The Voynich Ninja
Comparing the Voynich by Word Position Profiles - Printable Version

+- The Voynich Ninja (https://www.voynich.ninja)
+-- Forum: Voynich Research (https://www.voynich.ninja/forum-27.html)
+--- Forum: Analysis of the text (https://www.voynich.ninja/forum-41.html)
+--- Thread: Comparing the Voynich by Word Position Profiles (/thread-4933.html)



Comparing the Voynich by Word Position Profiles - quimqu - 18-09-2025

Hello everyone,

while working on the idea of my You are not allowed to view links. Register or Login to view. I tried a small exercise. Imagine that the Voynich is a positional substitution cipher, where each position in a word is encoded independently.

What I did was to take the Voynich tokens in EVA transliteration, look at them position by position, and record the distribution of characters. But I deliberately ignored which character it was. In other words: at position 1 we might have 40% of one character, 30% of another, 20% of a third, and so on. Just the shape of the distribution, not the labels.

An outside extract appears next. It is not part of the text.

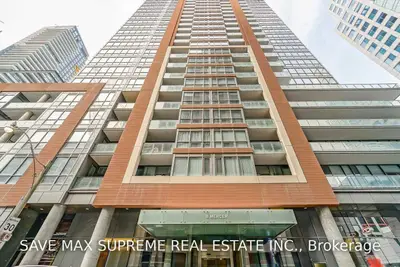 8 Mercer Street 912, Toronto C01, ON M5V 0C4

Then I repeated the same procedure for several different languages. My working assumption is that if the corpora are large enough, the positional distributions should be similar within texts of the same language. Here is the result I got from the texts I currently have available:

CorpusDistanceTokens
Alchemical herbal (Latin)0.3276,536
De Docta Ignorantia (Latin)0.37437,121
Tirant lo Blanc (Catalan)0.395419,309
La Reine Margot (French)0.396112,803
Ambrosius Medionalensis (Latin)0.402117,734
El Lazarillo de Tormes (Spanish)0.40320,060
Simplicius Simplicissimus (German)0.415189,804
Romeo and Juliet (English)0.45124,822
The English Physician (Culpepper) (English)0.460135,362

So what does this mean? In this experiment the texts that came out closest to the Voynich were in Latin (especially the “Alchemical herbal” and “De Docta Ignorantia”), followed by Catalan, French, and Spanish. German and English were clearly further away.

Of course this does not prove the language of the Voynich, but it is interesting that the nearest matches are all Romance or Latin texts, and the Germanic ones sit lower down the ranking. It suggests that, at least under this positional-distribution approach, the Voynich behaves more like Romance/Latin than like Germanic languages.

Note: I used the "Alchemical herbal" transliteration from Marco Ponzi and the german Simplicius Simplicissimus version of Jorge Stolfi.


RE: Comparing the Voynich by Word Position Profiles - Jorge_Stolfi - 18-09-2025

(Today, 11:31 AM)quimqu Wrote: You are not allowed to view links. Register or Login to view.In other words: at position 1 we might have 40% of one character, 30% of another, 20% of a third, and so on. Just the shape of the distribution, not the labels.

That is enough  information to compute the entropy of the first character.  For the entropy of the other characters one would need the distribution of the first n characters, not just the nth character,

I don't put much faith in this kind of analysis because the token and lexeme length distributions of Voynichese are quite different from those of "European" languages (Indo-European, Finno-Ugric, Semitic, Turkic, Basque).   

Thus the 8th letter of an "European" word would at best correspond to maybe half of the 4th letter of a Voynichese word.  But in fact we know that the character entropy of Voynichese words is spread out more evenly along the word than that of "European" words, so that the correspondence is not even linear.

And moreover these statistics are highly dependent on the spelling system, much more than on the language, and even on the nature of the text.  For instance, the Voynichese statistics would be quite different if the qo and y prefixes of Voynichese words were always split off, or always joined to the next word. Or if one spells Arabic "alkitab" as "al-kitab" or "al kitab" or "alktab"...

All the best, --jorge


RE: Comparing the Voynich by Word Position Profiles - quimqu - 18-09-2025

(11 hours ago)Jorge_Stolfi Wrote: You are not allowed to view links. Register or Login to view.I don't put much faith in this kind of analysis...

Yes, I completely agree that comparing natural languages with a transliteration of Voynichese is risky, for all the reasons you mention: segmentation, transcription conventions, word length distribution, and orthography, amongst others. My goal is far away to claim a linguistic match, but simply to run the comparison and show the outcome. I found the result curious and thought it might be interesting to share, even if it can only be taken as an exploratory observation.


RE: Comparing the Voynich by Word Position Profiles - quimqu - 18-09-2025

(11 hours ago)Jorge_Stolfi Wrote: You are not allowed to view links. Register or Login to view.I don't put much faith in this kind of analysis...

Do you think we cannot squeeze the transliterations anymore?